The architect's son, retired architect Barton Choy, told Erica Martin that the Brander House was his father's favorite project of a career that she says was stunted by racial prejudice.

"His career definitely suffered from not being white," she commented, comparing Choy's career to that of other, more renowned Los Angeles modernists from Europe or USC. "Unlike some of his compatriots, he didn't get recognized."

The architect's son also apprised her of the location of Shulman's photos, which were published in a 1961 Los Angeles Times ‘Home' magazine and are viewable on the Getty Center website. She said Choy and Shulman were friends, but noted the apparent absence of the Brander House in any books of the famed photographer's work.

Both Martin and realtor Hartley praised Choy's "exquisite ability to know how to lay out a house."

"The house was clearly done with feng shui in mind. Whether it was intuitive or intentional, I don't really know," the owner observed.

What Hartley knows for sure is that higher prices for Hollywood Hills homes seem to be spreading east through the hills, noting that if you "scoot over one canyon…you can't even get into those neighborhoods for less than $20, $30 million."

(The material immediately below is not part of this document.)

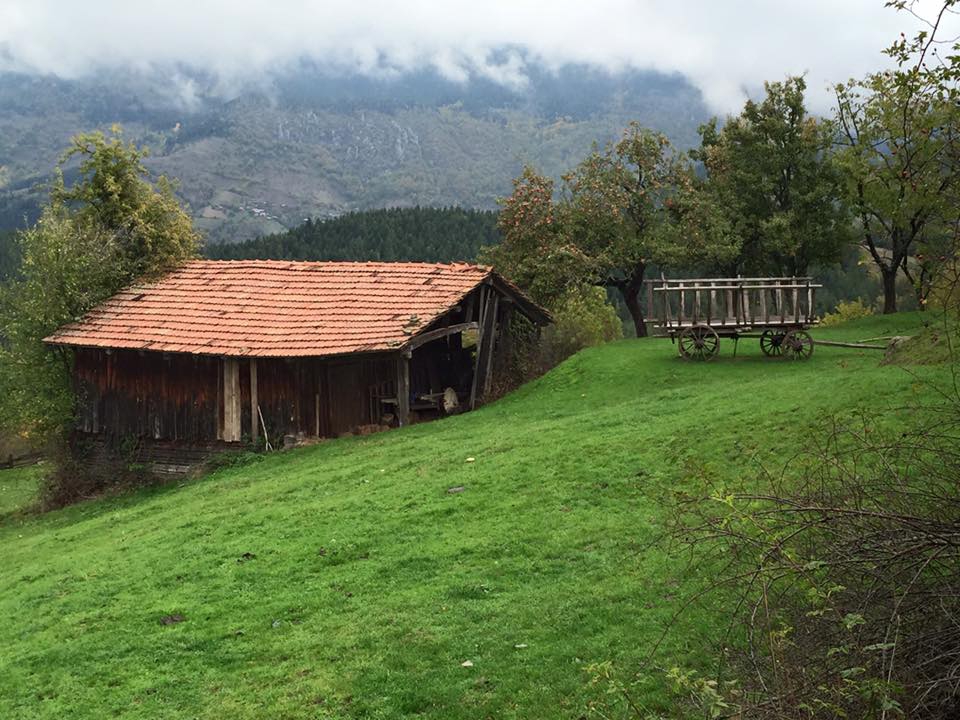 Küre Cambaz Köyü Resimleri 5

Martin said several reputable professionals told her the house should fetch between $7.5 and $15 million, and she worried of the recent price cut, "I hope we didn't do too much."

"Eugene Kinn Choy was an historic figure," declared Martin. As for the prospect of getting $8 million-plus for her childhood home, she said in summation, "A lot of the legal community remember that house, and of course a lot of our friends are horrified we're selling it."